=== WHAT YOU WILL DO ===
Filter the data for lines with the word "Pattern" and copy those lines.

=== GIVEN DATA ===
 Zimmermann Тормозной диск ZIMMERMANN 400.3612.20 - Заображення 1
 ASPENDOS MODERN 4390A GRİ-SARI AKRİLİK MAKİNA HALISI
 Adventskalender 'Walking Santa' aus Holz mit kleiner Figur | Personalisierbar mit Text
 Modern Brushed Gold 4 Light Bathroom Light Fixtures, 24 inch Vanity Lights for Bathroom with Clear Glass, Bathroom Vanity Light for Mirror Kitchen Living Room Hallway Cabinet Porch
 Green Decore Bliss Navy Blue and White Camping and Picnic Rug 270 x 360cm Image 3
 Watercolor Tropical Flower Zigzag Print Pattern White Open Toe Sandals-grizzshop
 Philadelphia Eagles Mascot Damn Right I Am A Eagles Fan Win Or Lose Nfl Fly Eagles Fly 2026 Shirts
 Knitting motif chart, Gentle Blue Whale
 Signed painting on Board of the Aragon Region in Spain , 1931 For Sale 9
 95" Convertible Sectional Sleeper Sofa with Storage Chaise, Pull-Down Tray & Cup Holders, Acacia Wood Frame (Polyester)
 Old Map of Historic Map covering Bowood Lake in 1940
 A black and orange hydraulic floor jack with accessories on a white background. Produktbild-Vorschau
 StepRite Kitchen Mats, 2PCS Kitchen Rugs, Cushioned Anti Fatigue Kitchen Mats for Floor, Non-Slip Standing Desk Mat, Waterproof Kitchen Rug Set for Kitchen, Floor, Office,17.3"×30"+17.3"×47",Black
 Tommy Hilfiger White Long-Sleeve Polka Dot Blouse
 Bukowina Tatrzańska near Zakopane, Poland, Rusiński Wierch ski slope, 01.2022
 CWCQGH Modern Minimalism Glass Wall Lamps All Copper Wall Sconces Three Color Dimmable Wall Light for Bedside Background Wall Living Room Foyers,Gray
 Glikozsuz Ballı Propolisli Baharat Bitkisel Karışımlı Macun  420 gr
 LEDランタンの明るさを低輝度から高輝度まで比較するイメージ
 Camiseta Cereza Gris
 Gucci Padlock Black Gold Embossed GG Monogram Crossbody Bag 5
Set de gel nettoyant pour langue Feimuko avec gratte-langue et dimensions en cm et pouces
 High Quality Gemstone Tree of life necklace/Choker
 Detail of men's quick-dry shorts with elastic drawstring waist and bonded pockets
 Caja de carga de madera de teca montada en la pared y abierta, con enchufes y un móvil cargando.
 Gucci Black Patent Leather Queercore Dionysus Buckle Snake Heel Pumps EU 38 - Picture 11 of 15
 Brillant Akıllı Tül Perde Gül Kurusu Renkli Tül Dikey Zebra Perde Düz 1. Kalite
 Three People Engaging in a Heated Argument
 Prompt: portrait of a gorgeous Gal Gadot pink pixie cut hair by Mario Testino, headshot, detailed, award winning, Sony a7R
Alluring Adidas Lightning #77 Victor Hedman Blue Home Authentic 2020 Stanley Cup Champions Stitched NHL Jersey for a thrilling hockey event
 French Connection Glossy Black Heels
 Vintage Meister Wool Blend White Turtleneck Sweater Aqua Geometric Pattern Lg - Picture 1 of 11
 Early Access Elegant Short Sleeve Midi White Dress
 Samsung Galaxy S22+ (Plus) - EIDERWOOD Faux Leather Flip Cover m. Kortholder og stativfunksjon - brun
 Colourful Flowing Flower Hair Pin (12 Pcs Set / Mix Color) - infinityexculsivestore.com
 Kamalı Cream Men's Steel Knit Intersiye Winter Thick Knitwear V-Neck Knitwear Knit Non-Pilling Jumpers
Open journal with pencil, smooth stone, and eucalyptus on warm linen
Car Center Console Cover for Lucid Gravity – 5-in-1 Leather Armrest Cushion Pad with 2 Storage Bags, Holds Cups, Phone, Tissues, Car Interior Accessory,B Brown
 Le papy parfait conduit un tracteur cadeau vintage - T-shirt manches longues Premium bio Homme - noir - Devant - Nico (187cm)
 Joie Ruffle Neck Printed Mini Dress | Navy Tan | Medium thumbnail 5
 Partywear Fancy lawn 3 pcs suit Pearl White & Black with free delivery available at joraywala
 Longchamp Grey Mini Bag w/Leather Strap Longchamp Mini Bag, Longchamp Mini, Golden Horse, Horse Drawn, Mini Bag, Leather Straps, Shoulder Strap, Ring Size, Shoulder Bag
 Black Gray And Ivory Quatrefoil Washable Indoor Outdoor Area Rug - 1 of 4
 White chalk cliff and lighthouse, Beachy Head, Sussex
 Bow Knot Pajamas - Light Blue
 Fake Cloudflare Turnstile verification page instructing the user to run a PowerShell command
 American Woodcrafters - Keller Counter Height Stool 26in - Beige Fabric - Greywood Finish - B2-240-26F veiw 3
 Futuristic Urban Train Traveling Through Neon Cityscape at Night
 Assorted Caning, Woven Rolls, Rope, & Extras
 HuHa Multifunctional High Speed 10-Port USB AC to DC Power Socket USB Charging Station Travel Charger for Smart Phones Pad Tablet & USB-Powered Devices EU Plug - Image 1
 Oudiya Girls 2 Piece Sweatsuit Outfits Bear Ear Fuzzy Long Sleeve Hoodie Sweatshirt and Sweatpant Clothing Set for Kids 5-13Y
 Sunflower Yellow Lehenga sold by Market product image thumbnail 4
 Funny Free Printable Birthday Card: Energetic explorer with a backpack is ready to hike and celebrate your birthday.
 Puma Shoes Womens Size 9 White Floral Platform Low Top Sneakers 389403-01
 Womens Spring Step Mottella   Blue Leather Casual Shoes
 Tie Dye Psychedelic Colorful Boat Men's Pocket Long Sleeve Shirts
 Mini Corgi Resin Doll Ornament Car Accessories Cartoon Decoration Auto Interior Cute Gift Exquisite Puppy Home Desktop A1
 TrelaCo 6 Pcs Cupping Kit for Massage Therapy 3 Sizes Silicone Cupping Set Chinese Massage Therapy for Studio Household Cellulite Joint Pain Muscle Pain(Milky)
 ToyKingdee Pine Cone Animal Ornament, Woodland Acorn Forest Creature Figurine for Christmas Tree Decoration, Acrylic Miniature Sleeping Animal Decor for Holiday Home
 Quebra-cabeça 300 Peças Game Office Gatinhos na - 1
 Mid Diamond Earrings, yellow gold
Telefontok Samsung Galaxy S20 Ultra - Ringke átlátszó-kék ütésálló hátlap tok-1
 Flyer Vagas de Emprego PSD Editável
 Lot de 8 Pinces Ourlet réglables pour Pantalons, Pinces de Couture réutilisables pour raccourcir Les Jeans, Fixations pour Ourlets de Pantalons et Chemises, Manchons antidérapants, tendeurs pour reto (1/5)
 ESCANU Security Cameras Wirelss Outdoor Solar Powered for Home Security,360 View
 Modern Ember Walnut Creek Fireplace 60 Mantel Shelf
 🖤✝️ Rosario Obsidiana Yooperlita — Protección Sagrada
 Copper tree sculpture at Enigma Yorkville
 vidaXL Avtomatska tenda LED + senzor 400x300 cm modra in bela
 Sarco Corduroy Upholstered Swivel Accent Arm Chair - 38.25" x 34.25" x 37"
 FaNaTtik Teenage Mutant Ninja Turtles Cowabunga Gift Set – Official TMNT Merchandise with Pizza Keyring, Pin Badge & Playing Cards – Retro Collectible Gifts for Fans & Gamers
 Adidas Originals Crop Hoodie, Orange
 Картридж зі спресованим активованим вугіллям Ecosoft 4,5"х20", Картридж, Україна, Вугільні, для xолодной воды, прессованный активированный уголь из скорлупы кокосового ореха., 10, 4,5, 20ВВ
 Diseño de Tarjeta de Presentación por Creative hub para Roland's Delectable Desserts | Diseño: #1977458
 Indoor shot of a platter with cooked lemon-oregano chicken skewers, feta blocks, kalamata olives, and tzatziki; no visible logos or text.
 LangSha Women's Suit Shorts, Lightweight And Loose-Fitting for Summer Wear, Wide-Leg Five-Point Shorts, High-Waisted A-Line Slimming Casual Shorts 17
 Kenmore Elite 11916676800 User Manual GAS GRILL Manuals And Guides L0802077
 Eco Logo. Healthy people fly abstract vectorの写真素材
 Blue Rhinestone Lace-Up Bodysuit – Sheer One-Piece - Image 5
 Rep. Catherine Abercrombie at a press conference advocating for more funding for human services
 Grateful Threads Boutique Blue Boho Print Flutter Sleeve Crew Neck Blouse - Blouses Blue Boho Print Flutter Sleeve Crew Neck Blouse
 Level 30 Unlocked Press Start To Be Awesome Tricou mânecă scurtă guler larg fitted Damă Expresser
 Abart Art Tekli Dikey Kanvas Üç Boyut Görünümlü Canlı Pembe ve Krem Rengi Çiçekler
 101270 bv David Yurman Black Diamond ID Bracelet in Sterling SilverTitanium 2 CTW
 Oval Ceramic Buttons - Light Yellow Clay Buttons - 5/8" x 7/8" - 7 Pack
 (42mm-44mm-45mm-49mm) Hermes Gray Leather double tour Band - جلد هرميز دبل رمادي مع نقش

=== SOLUTION TO THE EXERCISE ===
 Watercolor Tropical Flower Zigzag Print Pattern White Open Toe Sandals-grizzshop
 Vintage Meister Wool Blend White Turtleneck Sweater Aqua Geometric Pattern Lg - Picture 1 of 11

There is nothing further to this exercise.